- **TO DO**:
Your answer must be the line holding "CAT 320F - Pelle sur chenille: photos 1 CAT" followed by every later line through the end of the entries, exactly as written.

INFORMATION: Begin

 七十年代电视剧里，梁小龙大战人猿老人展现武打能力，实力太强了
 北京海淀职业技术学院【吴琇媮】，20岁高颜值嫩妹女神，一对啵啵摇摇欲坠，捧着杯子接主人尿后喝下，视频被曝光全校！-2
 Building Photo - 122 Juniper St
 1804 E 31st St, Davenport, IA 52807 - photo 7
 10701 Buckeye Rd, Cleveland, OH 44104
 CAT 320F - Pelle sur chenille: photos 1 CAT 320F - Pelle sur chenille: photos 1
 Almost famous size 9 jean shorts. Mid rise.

INFORMATION: End

- **OUTPUT FOR THIS EXERCISE**:
 CAT 320F - Pelle sur chenille: photos 1 CAT 320F - Pelle sur chenille: photos 1
 Almost famous size 9 jean shorts. Mid rise.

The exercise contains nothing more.